Metempsychotic Melodies (whatever that means, it seems like a good title for this!!) starts off with a stark and skillful instrumental, "Universal Salutation", which we're told was "recorded aboard the Starship Weep-For-Lucifer". Again, we believe it, that somehow makes sense. That leads into the aforementioned "Love Abides", an extended mantra for voice and banjo (in fact, banjo is the main instrument throughout), wherein Higgs sings lines like "Love is the secret seam between waking and dream / love is a breath that bears a boundless scream" and offers up further thoughts from his personal gnosis of love, notions guaranteed to never be repeated in any other "love song" ever!! Such as: "Love, like a basilisk hatched in the nest of a dove / love's got a bible it hides in the folds of a cloud" and "Love is your name when your name has fallen away / love tends the last dawning of the last day"...

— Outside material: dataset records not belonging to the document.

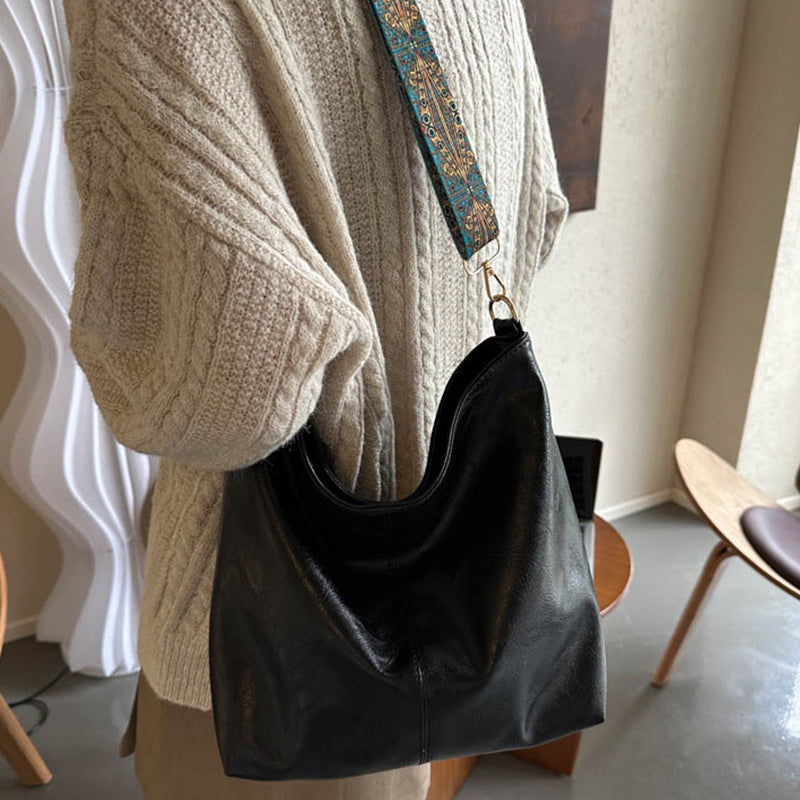 Person wearing a beige sweater holding a black leather handbag with a patterned strap.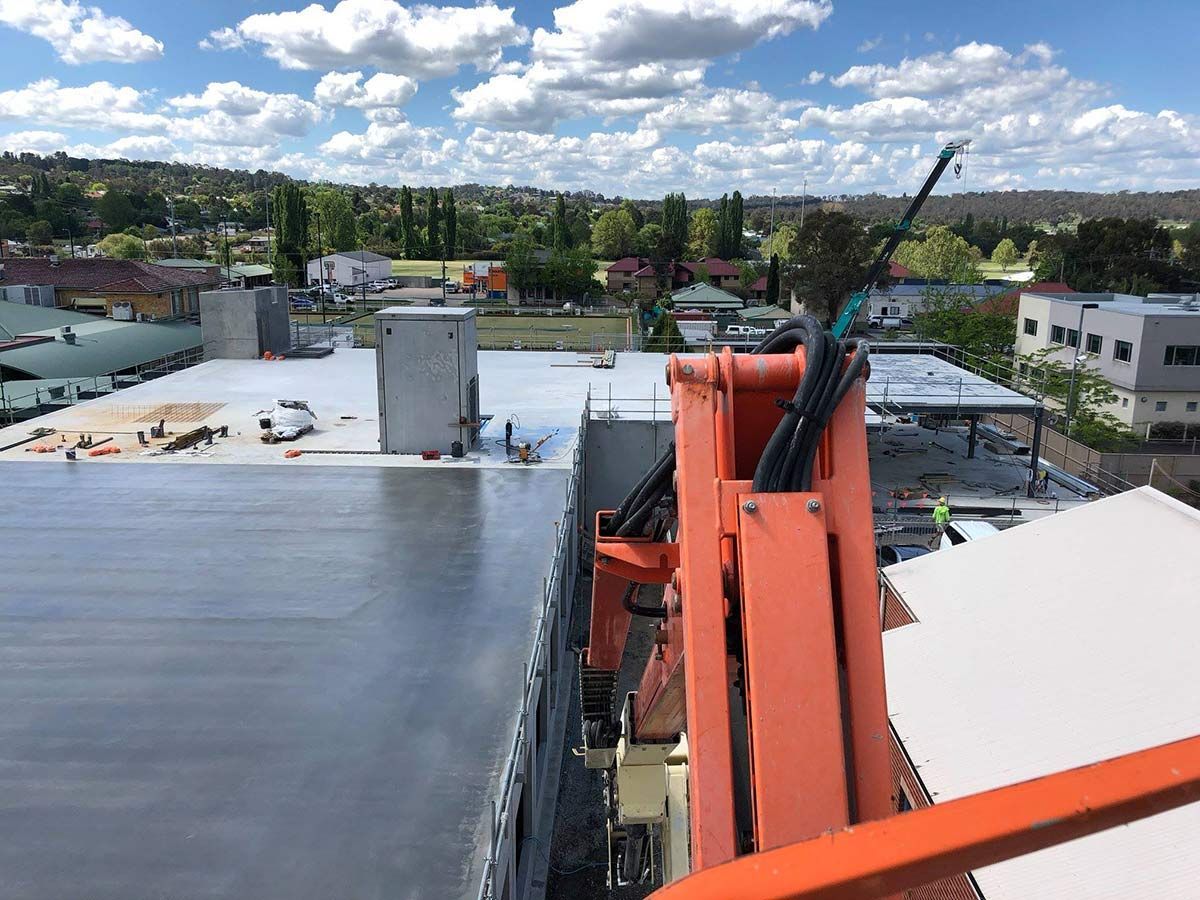 A Large Orange Crane is Sitting on Top of a Building — Heritage Concrete In Uralla, NSW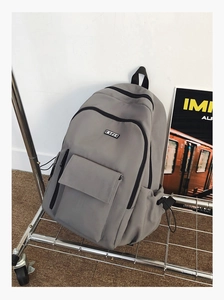 Detailed side view of dark grey waterproof backpack featuring side buckle and bottle pocket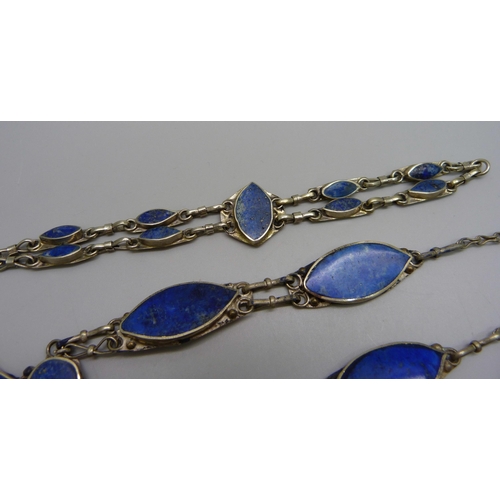 975 - A white metal necklace and bracelet set with lapis lazuli stone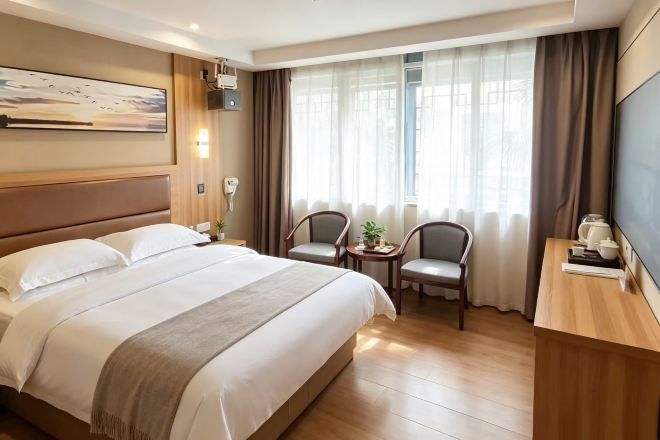 A hotel room with a large bed, two chairs, a small table, a TV, and a window with curtains.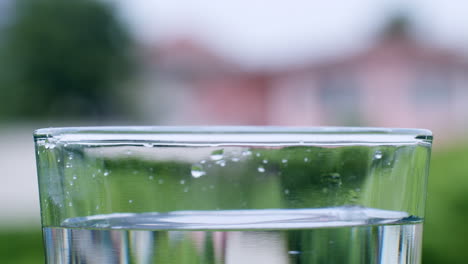 Winzige-Tröpfchen-Spritzen-In-Ein-Mit-Mineralwasser-Gefülltes-Glas-Und-Erzeugen-Am-Rand-Wellen-Und-Wellen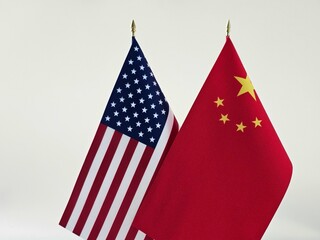 Flags of the United States and China displayed together, symbolizing international relations
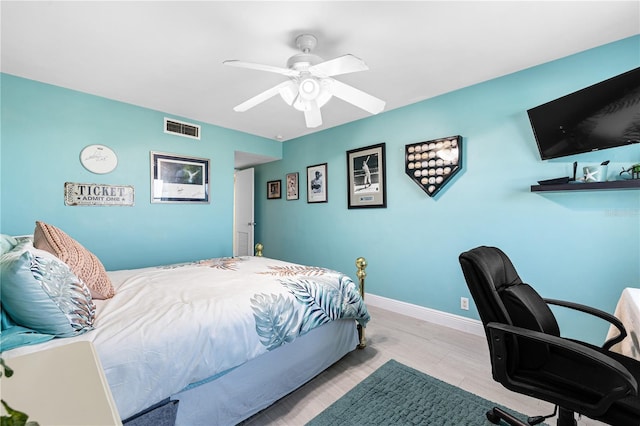 bedroom with baseboards, visible vents, and ceiling fan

As if allowing an interlude to let all that sink in, the third track "Leontocephaline Rhapsody" is a loping, psychedelic instrumental, a gentle jam densely droning and alive with electricity. Then comes the fourth and final song, "All Cherished Things", another display of Higgs' druggy, fascinating poetry. "There's a pearl in your head / the head between your double-head / it's flashing blue and red - hear it sing". He goes on to touch upon some favored themes, Christ, Krishna, coitus, his own dead body, love... Lyrics like "The skull at the foot of the cross is my own" could be creepy, or pretentious, as could be Higgs' unique vocal stylings, but no, not as far as we're concerned. Ok, maybe it is a bit creepy. He's on a wavelength that works (for him - maybe no one else could pull this off). If Higgs had a cult, we'd seriously consider joining it...truly a treasure of the US indie rock scene, and one of the realest deals in the "acid folk" underground. We'll be spinning this highly recommended album with ceremonial regularity as it takes its honored place in our collection of his music, and of course our anticipation of his next set of shamanic sermons remains high.